--- RECORDS FOR THIS EXERCISE Enclosed Below ---
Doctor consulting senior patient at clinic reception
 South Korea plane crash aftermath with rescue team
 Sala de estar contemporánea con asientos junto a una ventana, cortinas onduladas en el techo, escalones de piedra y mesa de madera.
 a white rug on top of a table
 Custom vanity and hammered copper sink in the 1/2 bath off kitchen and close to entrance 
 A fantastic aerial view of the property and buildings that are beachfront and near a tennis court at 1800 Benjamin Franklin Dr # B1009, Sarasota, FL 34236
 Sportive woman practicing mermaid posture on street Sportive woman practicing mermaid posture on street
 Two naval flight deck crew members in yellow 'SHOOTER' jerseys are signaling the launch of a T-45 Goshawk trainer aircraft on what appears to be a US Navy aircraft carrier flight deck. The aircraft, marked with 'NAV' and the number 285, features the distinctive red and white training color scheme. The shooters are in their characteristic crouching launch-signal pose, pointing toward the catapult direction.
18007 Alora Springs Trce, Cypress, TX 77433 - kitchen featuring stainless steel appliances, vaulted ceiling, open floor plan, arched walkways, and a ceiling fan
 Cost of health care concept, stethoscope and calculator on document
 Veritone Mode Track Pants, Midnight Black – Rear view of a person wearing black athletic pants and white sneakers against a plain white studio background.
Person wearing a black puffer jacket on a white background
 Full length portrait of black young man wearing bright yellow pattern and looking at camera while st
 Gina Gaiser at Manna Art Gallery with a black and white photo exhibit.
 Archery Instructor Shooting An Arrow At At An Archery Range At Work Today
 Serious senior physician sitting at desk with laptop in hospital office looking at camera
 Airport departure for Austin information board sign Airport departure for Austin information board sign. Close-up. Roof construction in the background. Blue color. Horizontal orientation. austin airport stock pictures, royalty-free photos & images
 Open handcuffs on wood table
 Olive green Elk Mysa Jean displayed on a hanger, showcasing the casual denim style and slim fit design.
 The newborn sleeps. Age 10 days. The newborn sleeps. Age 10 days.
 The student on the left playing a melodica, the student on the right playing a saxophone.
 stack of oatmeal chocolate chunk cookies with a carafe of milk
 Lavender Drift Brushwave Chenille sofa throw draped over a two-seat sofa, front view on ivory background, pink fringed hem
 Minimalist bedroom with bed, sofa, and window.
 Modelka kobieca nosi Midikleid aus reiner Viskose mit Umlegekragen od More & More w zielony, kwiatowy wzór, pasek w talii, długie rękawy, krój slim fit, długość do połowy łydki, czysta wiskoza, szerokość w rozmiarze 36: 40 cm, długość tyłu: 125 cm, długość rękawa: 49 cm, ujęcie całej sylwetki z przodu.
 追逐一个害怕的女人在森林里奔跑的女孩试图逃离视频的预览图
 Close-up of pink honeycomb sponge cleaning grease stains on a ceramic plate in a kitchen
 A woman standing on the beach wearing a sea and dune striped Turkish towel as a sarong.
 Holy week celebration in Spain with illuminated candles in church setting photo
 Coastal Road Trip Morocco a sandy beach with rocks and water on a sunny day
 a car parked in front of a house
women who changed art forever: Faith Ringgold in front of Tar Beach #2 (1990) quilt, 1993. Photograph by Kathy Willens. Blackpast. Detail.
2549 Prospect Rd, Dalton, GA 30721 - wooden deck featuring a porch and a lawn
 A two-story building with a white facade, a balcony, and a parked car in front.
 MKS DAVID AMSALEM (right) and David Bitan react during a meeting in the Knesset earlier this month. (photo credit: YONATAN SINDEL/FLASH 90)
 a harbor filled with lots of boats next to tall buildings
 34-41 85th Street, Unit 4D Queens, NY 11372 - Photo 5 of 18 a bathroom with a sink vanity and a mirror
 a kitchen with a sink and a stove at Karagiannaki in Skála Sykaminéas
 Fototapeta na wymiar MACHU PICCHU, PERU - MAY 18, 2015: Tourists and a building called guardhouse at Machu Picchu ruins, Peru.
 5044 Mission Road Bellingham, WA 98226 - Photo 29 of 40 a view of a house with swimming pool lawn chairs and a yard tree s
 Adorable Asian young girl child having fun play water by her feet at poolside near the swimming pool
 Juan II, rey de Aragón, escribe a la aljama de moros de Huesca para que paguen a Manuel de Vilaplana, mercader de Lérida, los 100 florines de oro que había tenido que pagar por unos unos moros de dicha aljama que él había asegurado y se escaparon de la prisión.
--- End of Enclosed RECORDS FOR THIS EXERCISE ---
■ **WHAT THE TASK REQUIRES**:
Transcribe, exactly and without additions, the lines of the records above, beginning with the line that contains "Custom vanity and" and ending with the line that contains "Archery Instructor Shooting", both included.

■ **SOLUTION TO THIS PROBLEM**:
 Custom vanity and hammered copper sink in the 1/2 bath off kitchen and close to entrance 
 A fantastic aerial view of the property and buildings that are beachfront and near a tennis court at 1800 Benjamin Franklin Dr # B1009, Sarasota, FL 34236
 Sportive woman practicing mermaid posture on street Sportive woman practicing mermaid posture on street
 Two naval flight deck crew members in yellow 'SHOOTER' jerseys are signaling the launch of a T-45 Goshawk trainer aircraft on what appears to be a US Navy aircraft carrier flight deck. The aircraft, marked with 'NAV' and the number 285, features the distinctive red and white training color scheme. The shooters are in their characteristic crouching launch-signal pose, pointing toward the catapult direction.
18007 Alora Springs Trce, Cypress, TX 77433 - kitchen featuring stainless steel appliances, vaulted ceiling, open floor plan, arched walkways, and a ceiling fan
 Cost of health care concept, stethoscope and calculator on document
 Veritone Mode Track Pants, Midnight Black – Rear view of a person wearing black athletic pants and white sneakers against a plain white studio background.
Person wearing a black puffer jacket on a white background
 Full length portrait of black young man wearing bright yellow pattern and looking at camera while st
 Gina Gaiser at Manna Art Gallery with a black and white photo exhibit.
 Archery Instructor Shooting An Arrow At At An Archery Range At Work Today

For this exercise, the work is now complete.